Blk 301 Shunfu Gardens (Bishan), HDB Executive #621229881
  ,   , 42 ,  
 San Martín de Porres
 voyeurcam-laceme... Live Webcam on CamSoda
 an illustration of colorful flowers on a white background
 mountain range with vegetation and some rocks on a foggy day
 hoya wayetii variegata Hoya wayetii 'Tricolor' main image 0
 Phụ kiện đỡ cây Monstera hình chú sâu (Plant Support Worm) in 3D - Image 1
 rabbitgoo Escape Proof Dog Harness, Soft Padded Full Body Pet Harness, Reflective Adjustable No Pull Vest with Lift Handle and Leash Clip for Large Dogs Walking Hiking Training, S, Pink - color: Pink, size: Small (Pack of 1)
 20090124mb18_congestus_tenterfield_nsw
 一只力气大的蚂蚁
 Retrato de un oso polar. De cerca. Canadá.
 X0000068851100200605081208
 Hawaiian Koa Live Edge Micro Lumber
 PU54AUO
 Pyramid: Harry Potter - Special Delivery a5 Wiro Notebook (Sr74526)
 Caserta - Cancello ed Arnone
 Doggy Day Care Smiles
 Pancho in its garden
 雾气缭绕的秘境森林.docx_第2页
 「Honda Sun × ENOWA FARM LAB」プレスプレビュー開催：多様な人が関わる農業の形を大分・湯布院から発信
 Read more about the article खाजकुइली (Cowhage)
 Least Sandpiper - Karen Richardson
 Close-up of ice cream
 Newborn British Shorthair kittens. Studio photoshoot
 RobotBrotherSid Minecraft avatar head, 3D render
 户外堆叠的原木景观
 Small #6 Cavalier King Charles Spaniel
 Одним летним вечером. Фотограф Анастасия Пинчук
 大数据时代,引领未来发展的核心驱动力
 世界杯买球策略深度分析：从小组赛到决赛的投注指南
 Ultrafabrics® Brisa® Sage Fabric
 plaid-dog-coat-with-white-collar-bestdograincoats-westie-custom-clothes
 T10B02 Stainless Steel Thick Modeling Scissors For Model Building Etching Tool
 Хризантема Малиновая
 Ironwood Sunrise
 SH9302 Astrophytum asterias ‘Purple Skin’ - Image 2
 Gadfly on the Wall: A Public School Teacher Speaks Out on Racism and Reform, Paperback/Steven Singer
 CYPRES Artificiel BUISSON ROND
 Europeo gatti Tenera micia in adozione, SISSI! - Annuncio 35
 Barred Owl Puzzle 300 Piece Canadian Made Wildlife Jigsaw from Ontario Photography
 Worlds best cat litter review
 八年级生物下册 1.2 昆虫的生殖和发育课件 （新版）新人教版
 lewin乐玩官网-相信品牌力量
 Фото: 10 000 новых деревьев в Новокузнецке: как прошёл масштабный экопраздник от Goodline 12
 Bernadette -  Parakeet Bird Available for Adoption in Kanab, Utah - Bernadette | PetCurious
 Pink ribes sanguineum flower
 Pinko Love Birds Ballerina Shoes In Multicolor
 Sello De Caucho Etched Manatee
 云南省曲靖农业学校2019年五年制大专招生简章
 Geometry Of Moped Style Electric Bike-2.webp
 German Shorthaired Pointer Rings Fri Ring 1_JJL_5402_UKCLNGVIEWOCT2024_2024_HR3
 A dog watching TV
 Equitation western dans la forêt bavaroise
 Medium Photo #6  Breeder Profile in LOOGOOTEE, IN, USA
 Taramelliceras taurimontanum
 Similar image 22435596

-------

Work required:
Copy out all of the records above with nothing altered.

Written response:
Blk 301 Shunfu Gardens (Bishan), HDB Executive #621229881
  ,   , 42 ,  
 San Martín de Porres
 voyeurcam-laceme... Live Webcam on CamSoda
 an illustration of colorful flowers on a white background
 mountain range with vegetation and some rocks on a foggy day
 hoya wayetii variegata Hoya wayetii 'Tricolor' main image 0
 Phụ kiện đỡ cây Monstera hình chú sâu (Plant Support Worm) in 3D - Image 1
 rabbitgoo Escape Proof Dog Harness, Soft Padded Full Body Pet Harness, Reflective Adjustable No Pull Vest with Lift Handle and Leash Clip for Large Dogs Walking Hiking Training, S, Pink - color: Pink, size: Small (Pack of 1)
 20090124mb18_congestus_tenterfield_nsw
 一只力气大的蚂蚁
 Retrato de un oso polar. De cerca. Canadá.
 X0000068851100200605081208
 Hawaiian Koa Live Edge Micro Lumber
 PU54AUO
 Pyramid: Harry Potter - Special Delivery a5 Wiro Notebook (Sr74526)
 Caserta - Cancello ed Arnone
 Doggy Day Care Smiles
 Pancho in its garden
 雾气缭绕的秘境森林.docx_第2页
 「Honda Sun × ENOWA FARM LAB」プレスプレビュー開催：多様な人が関わる農業の形を大分・湯布院から発信
 Read more about the article खाजकुइली (Cowhage)
 Least Sandpiper - Karen Richardson
 Close-up of ice cream
 Newborn British Shorthair kittens. Studio photoshoot
 RobotBrotherSid Minecraft avatar head, 3D render
 户外堆叠的原木景观
 Small #6 Cavalier King Charles Spaniel
 Одним летним вечером. Фотограф Анастасия Пинчук
 大数据时代,引领未来发展的核心驱动力
 世界杯买球策略深度分析：从小组赛到决赛的投注指南
 Ultrafabrics® Brisa® Sage Fabric
 plaid-dog-coat-with-white-collar-bestdograincoats-westie-custom-clothes
 T10B02 Stainless Steel Thick Modeling Scissors For Model Building Etching Tool
 Хризантема Малиновая
 Ironwood Sunrise
 SH9302 Astrophytum asterias ‘Purple Skin’ - Image 2
 Gadfly on the Wall: A Public School Teacher Speaks Out on Racism and Reform, Paperback/Steven Singer
 CYPRES Artificiel BUISSON ROND
 Europeo gatti Tenera micia in adozione, SISSI! - Annuncio 35
 Barred Owl Puzzle 300 Piece Canadian Made Wildlife Jigsaw from Ontario Photography
 Worlds best cat litter review
 八年级生物下册 1.2 昆虫的生殖和发育课件 （新版）新人教版
 lewin乐玩官网-相信品牌力量
 Фото: 10 000 новых деревьев в Новокузнецке: как прошёл масштабный экопраздник от Goodline 12
 Bernadette -  Parakeet Bird Available for Adoption in Kanab, Utah - Bernadette | PetCurious
 Pink ribes sanguineum flower
 Pinko Love Birds Ballerina Shoes In Multicolor
 Sello De Caucho Etched Manatee
 云南省曲靖农业学校2019年五年制大专招生简章
 Geometry Of Moped Style Electric Bike-2.webp
 German Shorthaired Pointer Rings Fri Ring 1_JJL_5402_UKCLNGVIEWOCT2024_2024_HR3
 A dog watching TV
 Equitation western dans la forêt bavaroise
 Medium Photo #6  Breeder Profile in LOOGOOTEE, IN, USA
 Taramelliceras taurimontanum
 Similar image 22435596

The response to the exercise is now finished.